The Importance of Conversations
In the Harvard Business Review, Werner Reinartz points out the massive reward that customer conversations can represent.
“In most companies, customer intelligence — that is, the collection and analysis of customer data — is largely used for improving customer relationships. Understand your customer’s buying cycle better, and you can target your mailings and product offerings more effectively. Smart companies realize that intelligence about their customers can actually lead to a lot more than greater marketing effectiveness. It is a powerful tool for identifying innovations, especially with the opportunities for data gathering afforded by smart technologies and social media.”
Without understanding what your customers need, you are bound to miss opportunities to grow and improve. You won’t find out what people want from you by only looking at your data dashboard.
The only way to improve your customer experience is talk to your customers yourself and do it with a particular problem in mind.
Data isn’t enough without context.
The major obstacle companies face is that they simply don’t know what customers really want. A complete understanding of the customer requires a rich contextual data set. In this next era, big data isn’t enough. Only context can provide the dimensions on which real customer experiences depend.
In Martin Lindstrom’s book Small Data, he tells the story of how Lego made a business-turnaround decision by getting intimate. The company was close to going bankrupt. In 2003, profits were down 30% from the previous year.
Relying heavily on big data they changed the size of the small, tiny bricks to huge building blocks because the numbers said that the rise of the fast-flippant generation would kill their time-consuming products. Profits fell another 10% in 2004.

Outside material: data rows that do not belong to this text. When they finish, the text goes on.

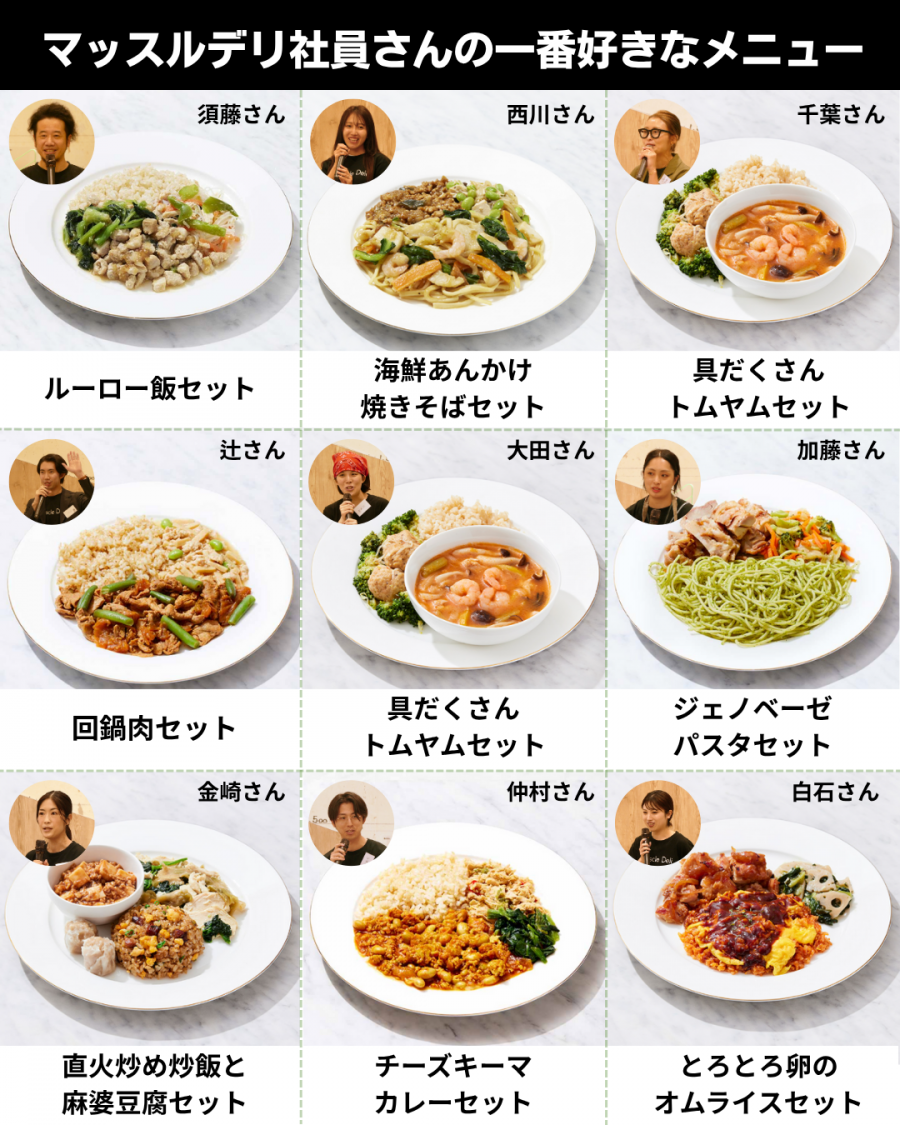 ▲マッスルデリ社員の一番好きなメニュー
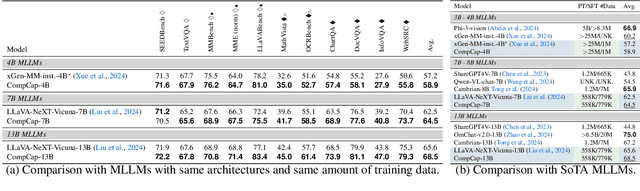 Figure 4 for CompCap: Improving Multimodal Large Language Models with Composite Captions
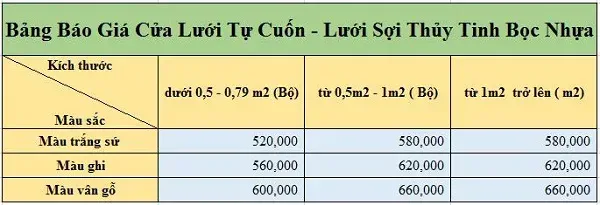 Top +10 Mẫu Cửa Lưới Chống Muỗi Tốt Nhất & Giá Từng Loại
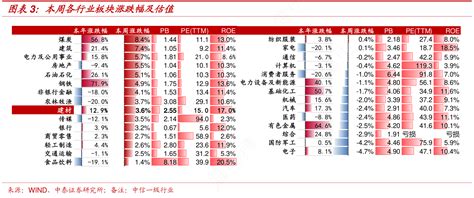 想请教下各位本周各行业板块涨跌幅及估值是怎样的呢行行查行业研究数据库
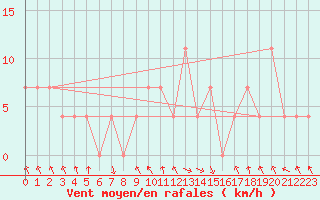 Courbe de la force du vent pour Kevo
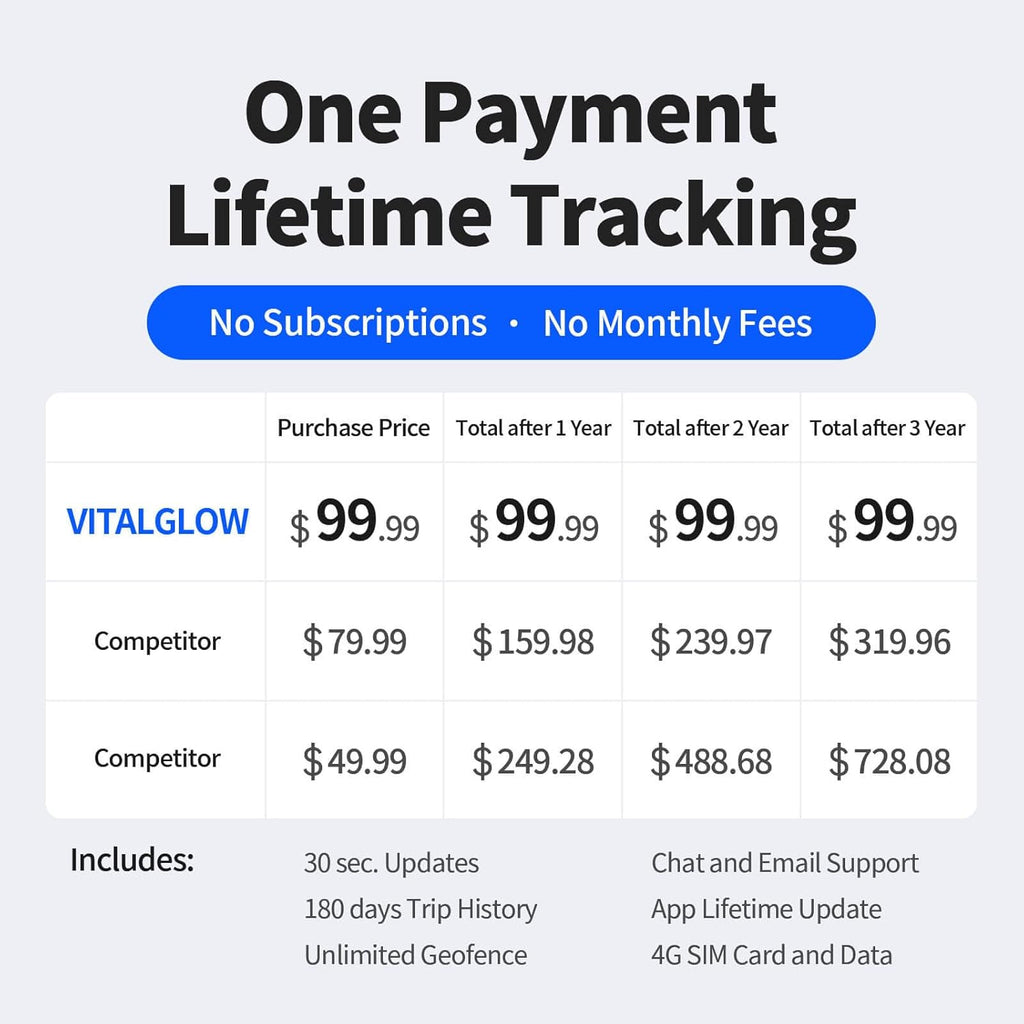 GPS Tracker for Vehicles, No Monthly Fee, No Subscription with Real-Time Tracking, 4G SIM and Data Included, Trip History, GeoFence, Speeding Alerts, Global Coverage, OBD, for Fleets & Families
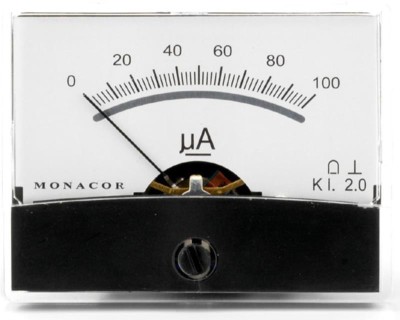 Paneelmeter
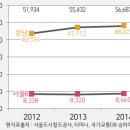 모란사거리 10번출구 이미지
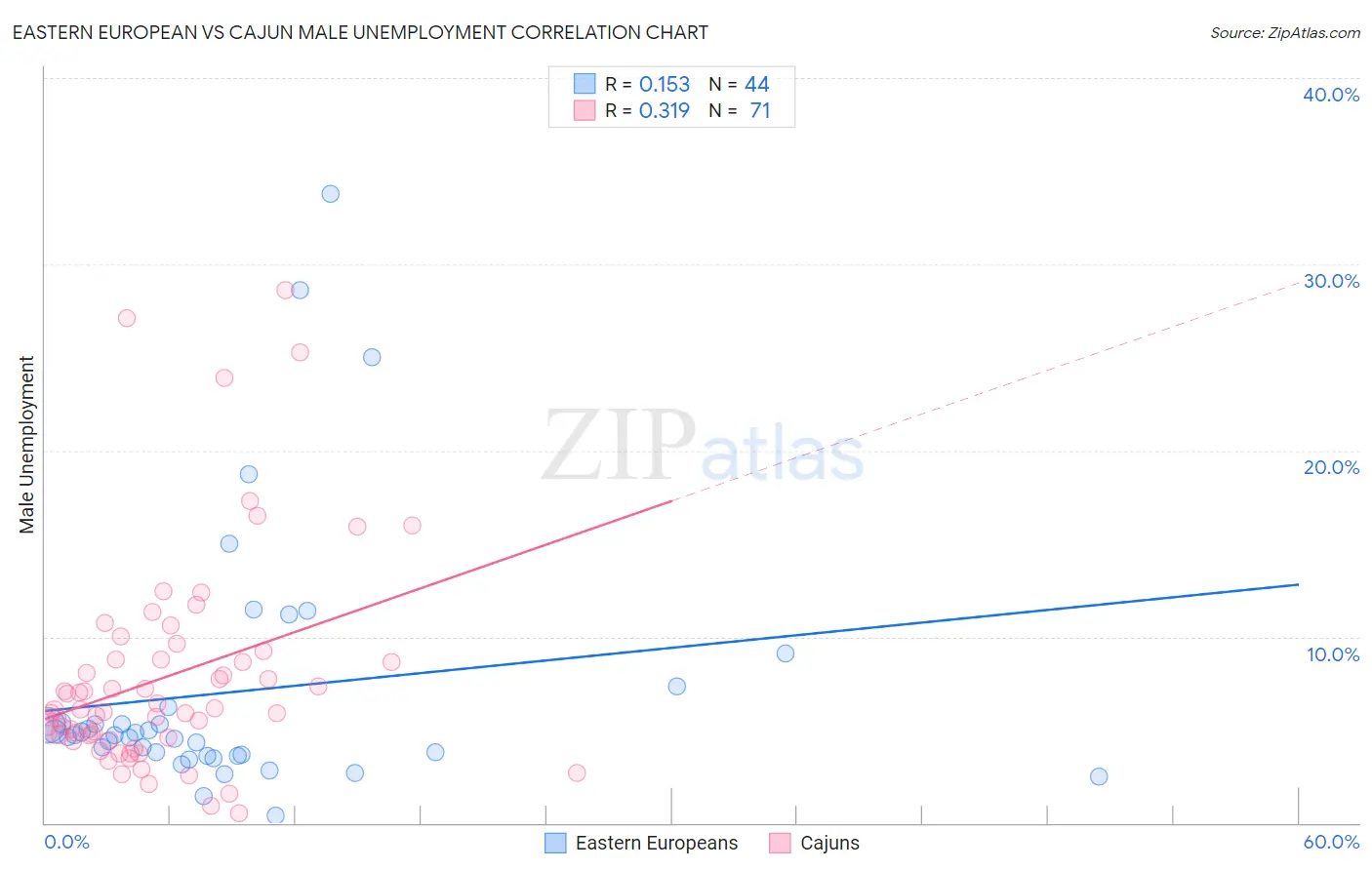 Eastern European vs Cajun Male Unemployment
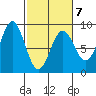Johnstone Passage tide chart for Saturday, March 7, 2026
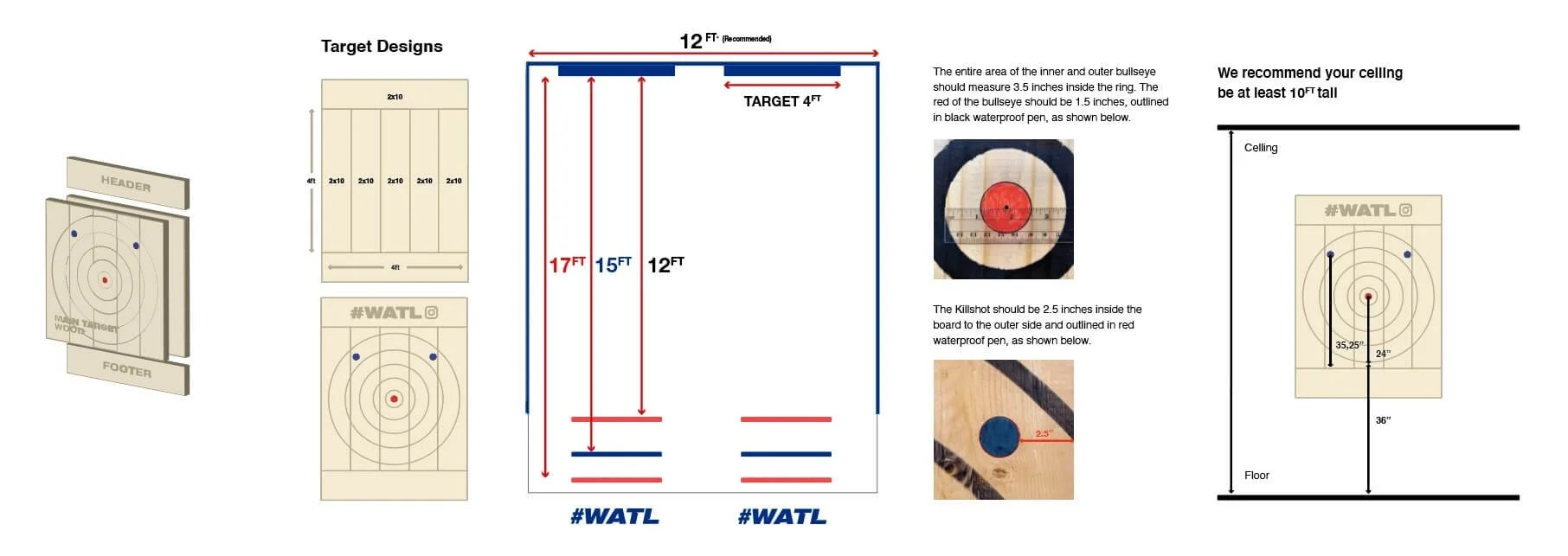 Competition Axe Throwing Target Dimensions edu.svet.gob.gt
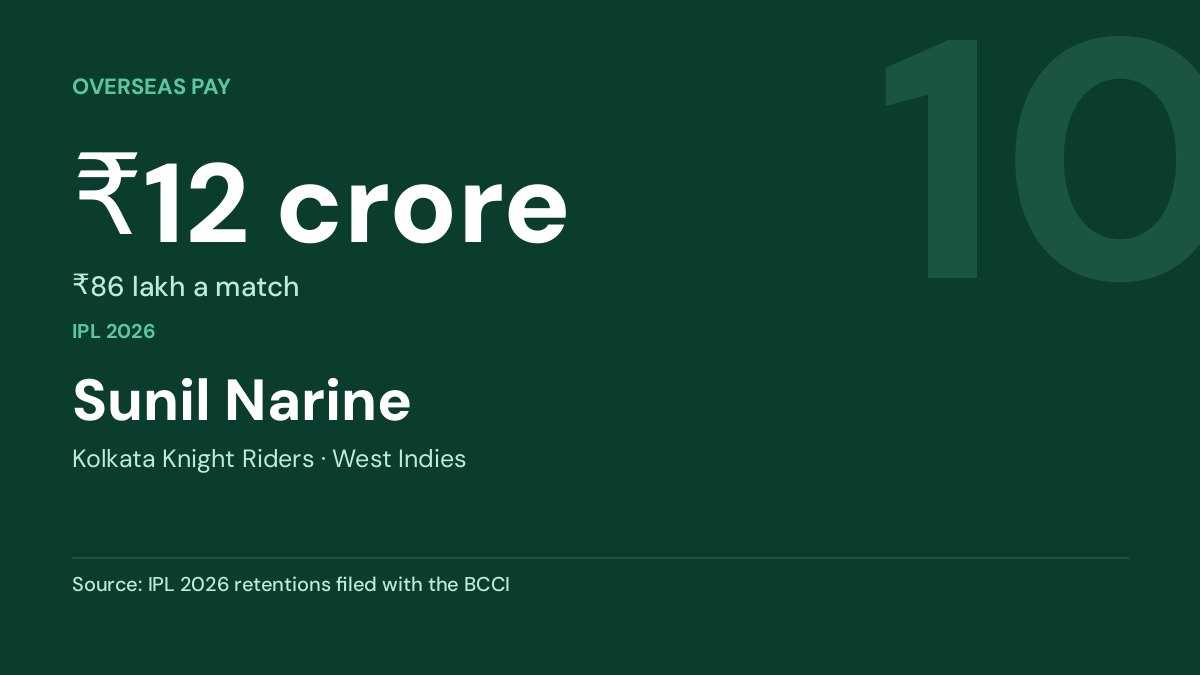 Sunil Narine — ₹12 crore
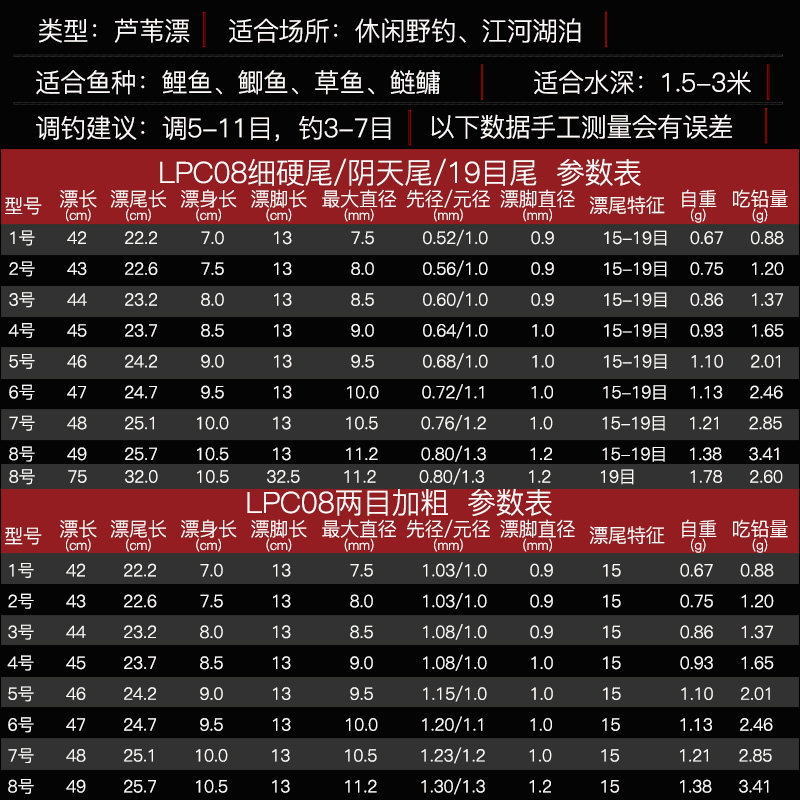 阿卢正品专卖lpc08芦苇鱼漂灵敏混养抗风风浪浮漂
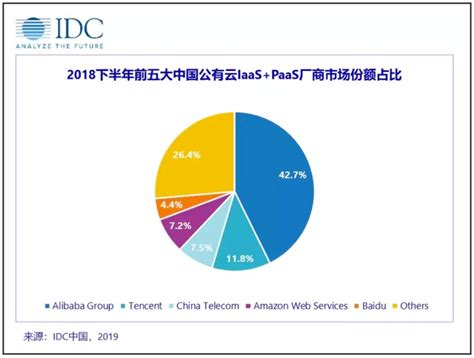 IDC：2019下半年中国公有云市场增速减缓，阿里云、腾讯云、中国电信天翼云位居前三__财经头条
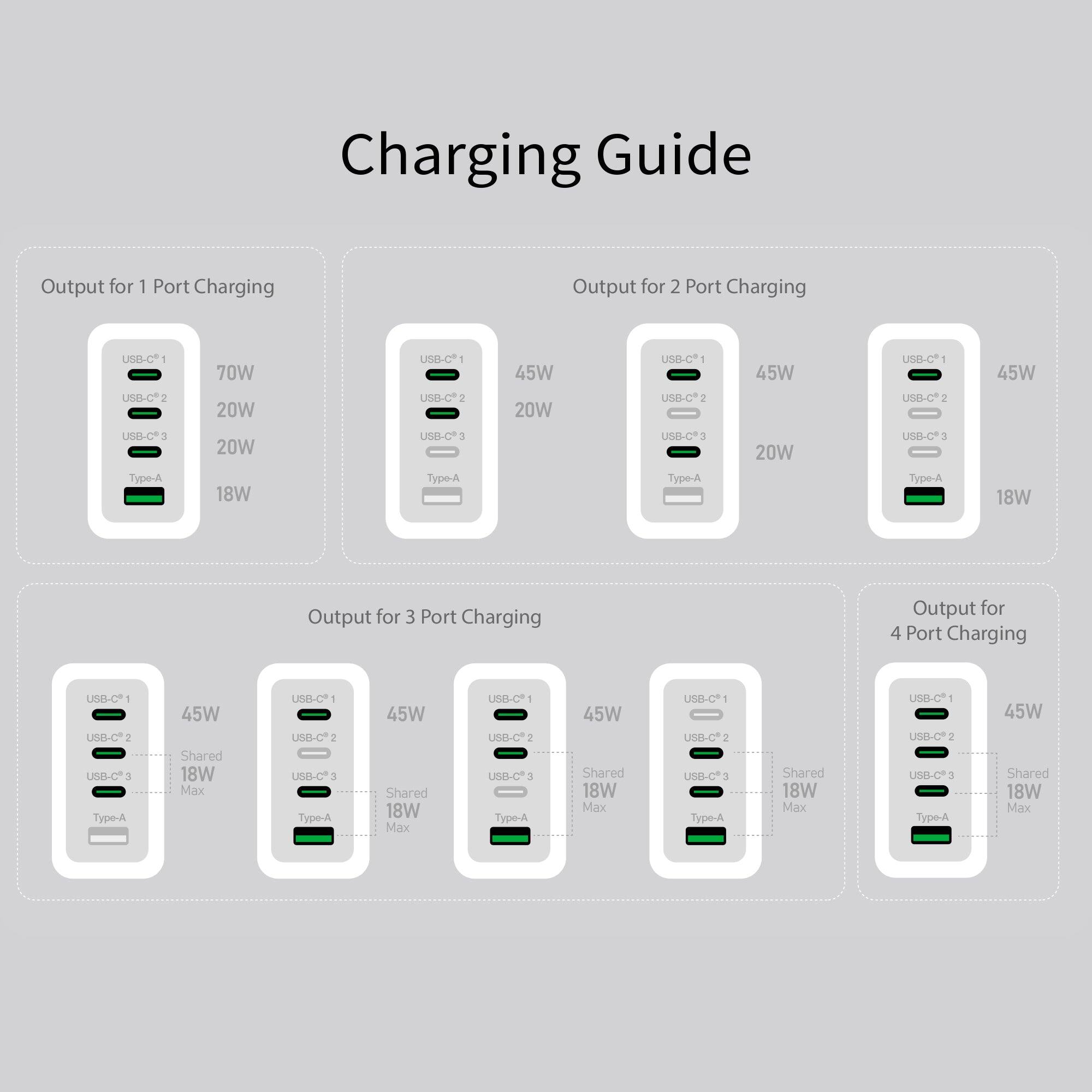 Charging Guide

So the company decided to go into the homes of consumers across Europe. What happened next is key to LEGO’s success story.
They met up with this young German boy and they asked him, “What are you most proud of?” The kid replied back, “This pair of sneakers.” He showed them an old, worn-down pair of sneakers. Then he told them why. He said, “Well, because it shows I’m the best skater in town. If I slide down the skateboard, I am number one, and these scruffs and marks are my evidence.”
The Lego executives realized the importance of showing off your skill and that by mastering a certain craft, children would attain “social currency” amongst their peers. After refocusing its strategies, they re-designed products to ensure their young customers could build their LEGO cred. The business rebuilt its brand to become the world’s largest toy maker.
There is proof that gathering this context drives better outcomes. According to Hot Jar CX Trends for 2019, companies with successful CX initiatives prioritise talking directly to their customers much more than their less successful counterparts.
Authentic listening is crucial.
It makes no sense to build, launch, market, and advertise if you don’t understand the customers’ needs and wants. By listening carefully, you can gather valuable insight to help improve your brand experience but also understand what new innovations to put in place. You will understand the products or services your customer needs and uncover the motivation behind those needs.
Most marketers today have forgotten the importance of being present with their consumers. But if you want to find the real opportunities and grow your brand, you need to get granular.
A focus on authenticity and a core understanding of your customers can be the difference between remaining relevant and falling behind.